Bernie Sanders is still in the Democratic presidential primary race, but Hillary Clinton did her best on Tuesday night to pretend that he isn't.
Clinton used her election night rally to bask in her blowout victories over Sanders in Florida, Ohio and North Carolina, and ignore much closer races in Illinois and Missouri. She paid tribute to Sanders's "vigorous campaign," the kind of condescending line that translates into "I won and he lost." She noted that she has won more votes than anybody from either party so far—a valiant, if not particularly successful, attempt to cast her campaign as the kind of mass movement currently mesmerizing both the Democratic and Republican grassroots. And she spent a lot of time going after Donald Trump, the night's other big victor and the man who will be the Republican nominee if he can avoid being deposed at the GOP convention.
"Our commander in chief has to be able to defend our country, not embarrass it," she said. "When we have a candidate for president call for rounding up 12 million immigrants, banning all Muslims from entering the United States, when he embraces torture, that doesn't make him strong, it makes him wrong."

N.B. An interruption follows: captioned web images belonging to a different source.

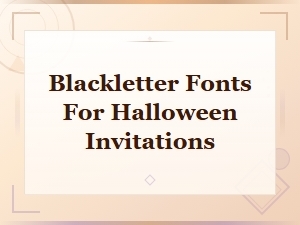 Classic Blackletter Fonts Perfect for Halloween Invitations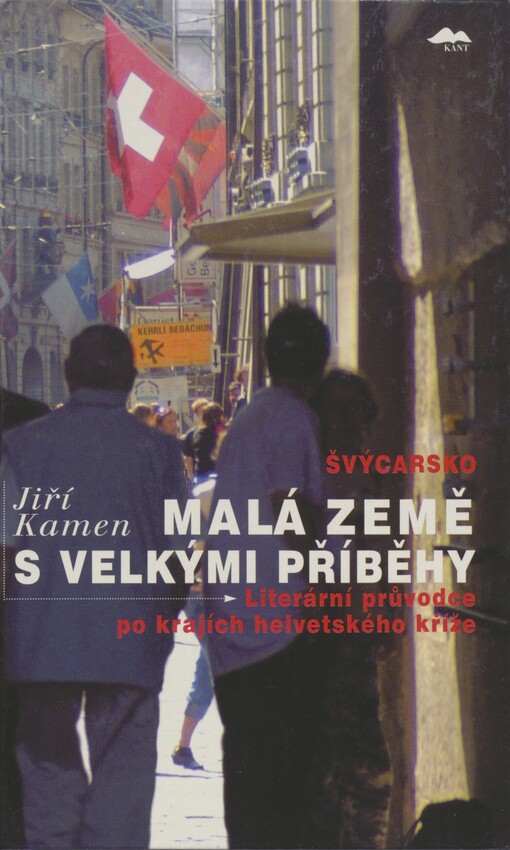 Malá země s velkými příběhy: literární průvodce po krajích helvetského kříže
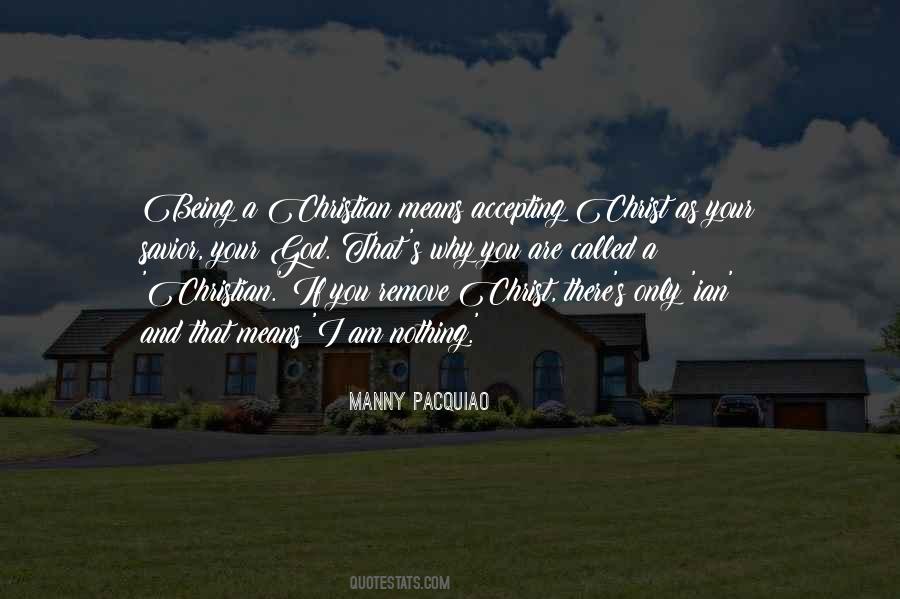 Being Christian Quotes #103802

Leaving aside the fact that Clinton was recently seen literally embracing the chief architect of America's torture policies, it was a clear glimpse into the kind of argument she intends to make against Trump should she face him in a general election. It was also an implicit message to Sanders: I've stopped even caring about you.

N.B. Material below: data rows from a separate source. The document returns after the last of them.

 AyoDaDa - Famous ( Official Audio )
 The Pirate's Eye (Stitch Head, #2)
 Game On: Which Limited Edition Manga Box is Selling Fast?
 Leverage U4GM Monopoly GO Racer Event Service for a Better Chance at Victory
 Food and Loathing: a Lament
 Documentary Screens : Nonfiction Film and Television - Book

This is a classic pivot that frontrunners try to make, a signal that they're so confident about having wrapped up their own party contest that they can turn their focus to the other side.
Clinton is being helped in this endeavor by the electoral calendar and by the historic meltdown in the Republican Party. (Whatever happens, the Democratic elite can breathe easily in the knowledge that the party remains broadly intact, unlike the Donner Party taking place across the aisle.) She's not debating Sanders any time in the foreseeable future. The upcoming primaries and caucuses are in small states that won't get too much attention. She can relax for a while and focus on not making insanely terrible comments about AIDS, instead of worrying about Sanders.

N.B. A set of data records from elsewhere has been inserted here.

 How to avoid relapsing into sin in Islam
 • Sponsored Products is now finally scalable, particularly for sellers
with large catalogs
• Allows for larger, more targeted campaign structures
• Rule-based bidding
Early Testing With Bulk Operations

Sanders gave his own speech in Arizona; he didn't mention the election results. Whatever chance he had to counter Clinton was hampered by the fact that his speech was given exactly zero seconds of coverage on any of the three cable news networks. He was the only candidate, Democrat or Republican, to be so thoroughly ignored by the media, which focused instead on John Kasich's fleeting moment of glory in Ohio, Marco Rubio's inevitable demise in Florida, and another one of Donald Trump's patented fascist lounge singer monologues. Anyone interested in hearing what he had to say needed to turn to C-SPAN or Twitter.
Sanders has plenty of money and plenty of support. He has a real base within the Democratic Party. He will keep winning states. He has had a seismic impact on the 2016 race. But his biggest battle now will be to overcome the twin forces of establishment pressure on him to drop out and a loss of media interest in his candidacy. Both forces were in evidence on Tuesday. Sanders and his supporters will be told repeatedly that the time has come to unite behind Clinton, that the primary race is done. Trump is an exceedingly dangerous candidate on just about every level; the clamor to craft an opposing message to him as early as possible will get louder and louder. The lack of media attention will only grow. It will be a very high tide for Sanders to swim against.